I'm trying to get products for a project i'm working on from this page:lazada

page ispection

using :




from bs4 import BeautifulSoup
import urllib
import re
r = urllib.urlopen("http://www.lazada.co.id/catalog/?q=note+2").read()
soup = BeautifulSoup(r,"lxml")
letters = soup.findAll("span",class_=re.compile("product-card__name"))
print type(letters)
print letters[0]



When I do this I am getting error


Traceback (most recent call last):
File "C:/Python27/project/testaja.py", line 9, in
print letters[0]
IndexError: list index out of range


. Any thoughts on this?

Answer

I think you may have hit their page too much, navigate there in a browser and see what the page returns on your network.

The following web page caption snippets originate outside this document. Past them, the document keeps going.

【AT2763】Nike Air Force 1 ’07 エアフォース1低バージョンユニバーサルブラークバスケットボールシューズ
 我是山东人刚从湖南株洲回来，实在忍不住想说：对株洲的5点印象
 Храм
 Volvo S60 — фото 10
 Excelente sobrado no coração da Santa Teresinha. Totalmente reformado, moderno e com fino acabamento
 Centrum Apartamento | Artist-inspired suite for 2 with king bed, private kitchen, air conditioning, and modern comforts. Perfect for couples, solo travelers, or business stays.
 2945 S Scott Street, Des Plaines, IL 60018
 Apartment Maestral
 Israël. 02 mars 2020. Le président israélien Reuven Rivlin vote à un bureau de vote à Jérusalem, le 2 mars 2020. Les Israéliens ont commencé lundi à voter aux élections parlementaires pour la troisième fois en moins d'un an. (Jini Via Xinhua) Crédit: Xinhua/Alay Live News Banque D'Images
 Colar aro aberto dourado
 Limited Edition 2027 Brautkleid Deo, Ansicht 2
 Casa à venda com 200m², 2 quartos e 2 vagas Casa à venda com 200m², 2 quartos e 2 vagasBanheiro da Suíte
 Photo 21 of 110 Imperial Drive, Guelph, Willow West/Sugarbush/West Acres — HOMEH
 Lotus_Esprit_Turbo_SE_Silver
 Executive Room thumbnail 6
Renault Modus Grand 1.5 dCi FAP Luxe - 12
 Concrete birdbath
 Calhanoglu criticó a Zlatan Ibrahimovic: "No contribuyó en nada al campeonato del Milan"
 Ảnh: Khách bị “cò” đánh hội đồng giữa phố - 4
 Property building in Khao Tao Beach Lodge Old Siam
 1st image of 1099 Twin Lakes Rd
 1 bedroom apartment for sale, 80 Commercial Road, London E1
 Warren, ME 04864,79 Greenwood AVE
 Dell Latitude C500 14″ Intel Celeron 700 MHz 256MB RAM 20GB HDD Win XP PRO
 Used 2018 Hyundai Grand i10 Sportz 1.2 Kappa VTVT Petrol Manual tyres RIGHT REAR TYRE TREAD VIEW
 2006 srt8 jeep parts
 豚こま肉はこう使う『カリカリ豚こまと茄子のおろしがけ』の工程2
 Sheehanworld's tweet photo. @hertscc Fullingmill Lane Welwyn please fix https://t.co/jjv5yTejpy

Also, you can modify your code so you can check the page response header to make sure that the page returned properly before trying to scrape it. I modified your code to show an example of this below:

from bs4 import BeautifulSoup
import urllib
import re

r = urllib.urlopen("http://www.lazada.co.id/catalog/?q=note+2")
header_code = r.getcode()

if header_code == 200:
    html = r.read()
    soup = BeautifulSoup(html, "lxml")
    letters = soup.findAll("span", {"class" : re.compile("product-card__name")})

    for letter in letters:
        print letter
else:
    print("oops, something went wonky. Page response was: %s"% header_code)